Understanding Risk and Threat Vectors

In the last decade, digital currencies have emerged as a fundamentally distinct asset class posing both exciting new opportunities and unique challenges.

In this time, digital currencies have transitioned from being primarily used by cypherpunks and early adopters, to becoming viable payment tools used by businesses and organizations of all sizes.

According to cryptocurrency market tracker CoinGecko(1), there are now close to 7,000 different cryptocurrencies in existence—many of which operate on a custom blockchain implementation. Storing and managing a wide array of digital currencies previously required multiple asset management tools and wallets, making for a cumbersome process that was difficult to scale and unsuitable for institutional crypto businesses.

In an effort to make managing digital currencies more secure and approachable for institutions, Ledger created Vault, a multi-cryptocurrency, multi-authorization management solution for digital assets. Through its advanced rule engine and secure execution framework, Ledger Vault enables customers of all sizes to safely manage their digital currency accounts and customize advanced rule-sets that control how funds can be accessed.

Although digital asset storage and transfer solutions are generally exposed to a variety of threat vectors, Vault has been designed to mitigate or eliminate these risks. This post will discuss some of the most prominent threats to HSM-based security providers and will highlight the safeguards Ledger has put in place to ensure Vault customers remain protected against such attacks.

Supply Chain Attacks

Broadly speaking, supply chain attacks occur when an attacker is able to exploit a critical piece of security hardware or software before it reaches the customer. This might include physically tampering with the hardware; modifying it to remove security layers, adding additional unintended functionality; or physically replacing the device altogether with a backdoored copy.

In the case of an HSM based security provider, an example of a supply chain attack could include intercepting and subverting the security of its hardware security modules (HSMs) by installing a backdoor to provide shell access over the HSM—potentially allowing the attacker to run unsigned code and extract the secrets.

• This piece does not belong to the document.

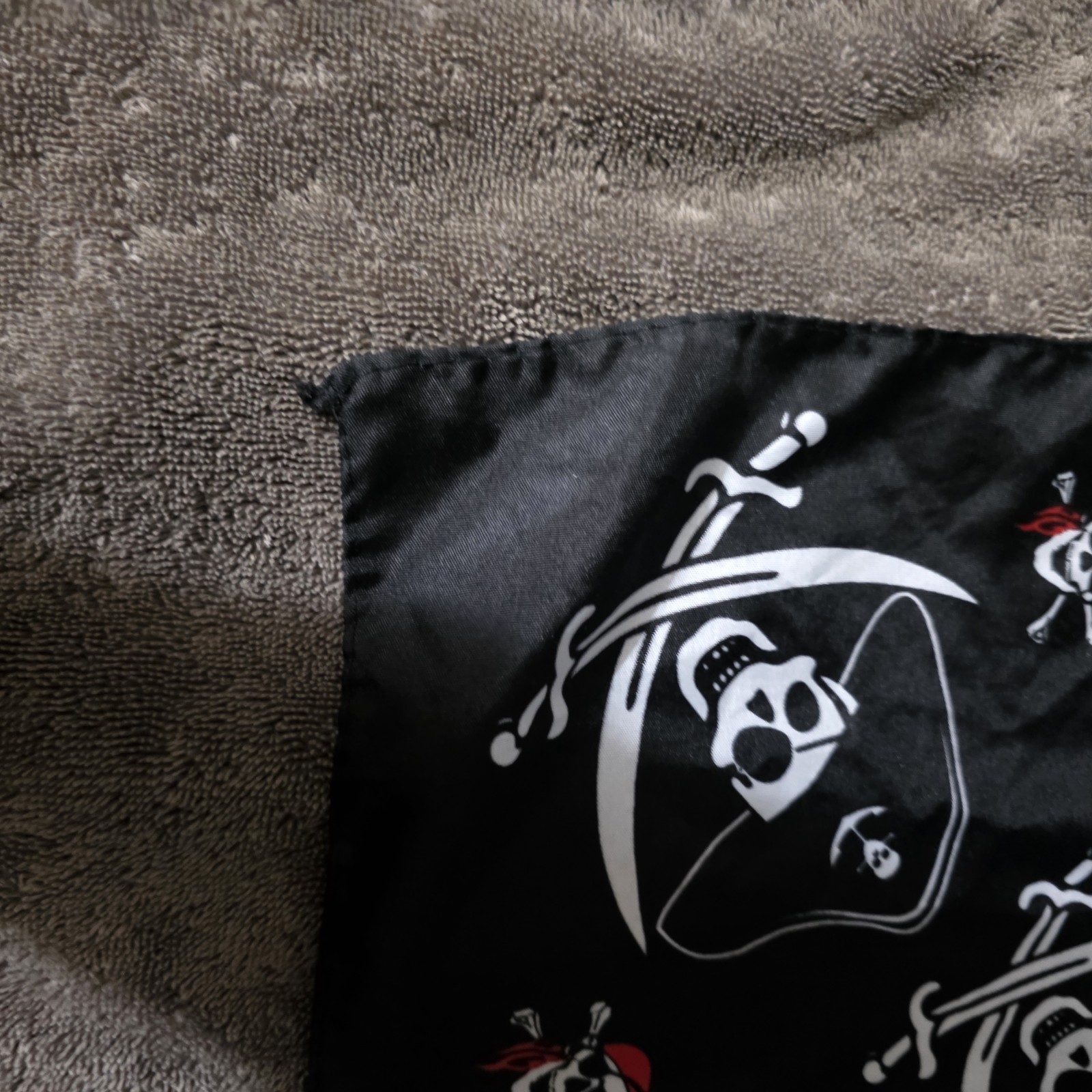 Pirate handkerchief black red and white polyester fiber size 19 X 19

Ledger’s solution: All Ledger HSMs are purchased directly from Gemalto, one of the world’s leading vendors of digital key HSMs. The HSM itself has strong countermeasures that prevent unauthorized users from accessing the secrets. Ledger manually flashes its own firmware and re-verifies this in-house, reducing the risk of running backdoored HSM firmware. The supply chain is also strictly controlled and audited, making it extremely challenging for an attacker to intercept an HSM before it reaches us.

Digital asset storage solutions that utilize physical hardware for authentication purposes can also be vulnerable to attacks that occur along the supply chain. Depending on the purpose and permissions granted by the physical hardware, the severity of these attacks can range from mild to severe.

Ledger’s solution: In order to successfully attack any level of the Vault workspace hierarchy, the attacker would need to exploit all three shared owner or wrapping key custodian PSDs (personal security devices), or enough administrator or operator PSDs to successfully bypass the m-of-n governance rule. Not only is this logistically challenging, but each PSD is secured by a bank-grade secure element that protects its secrets. Attempts to modify the firmware or alter the MCU will cause the PSD to fail attestation tests, become inoperable, and display a warning. The supply chain of the PSD secure element is strictly controlled under the Common Criteria scheme and features specific mechanisms to load code, including signature verification. Several built-in countermeasures are also put in place to automatically detect attacks and securely wipe the secrets if detected.

Operational Risks

Operational risks occur when the participants in a system, or the internal processes designed to manage risk in a system fail to prevent losses. In the banking sector, operational risks are second only to credit risks as a source of losses (2), whereas in the storage and management of digital currencies, operational risks are second to cyber threats as the main cause of losses.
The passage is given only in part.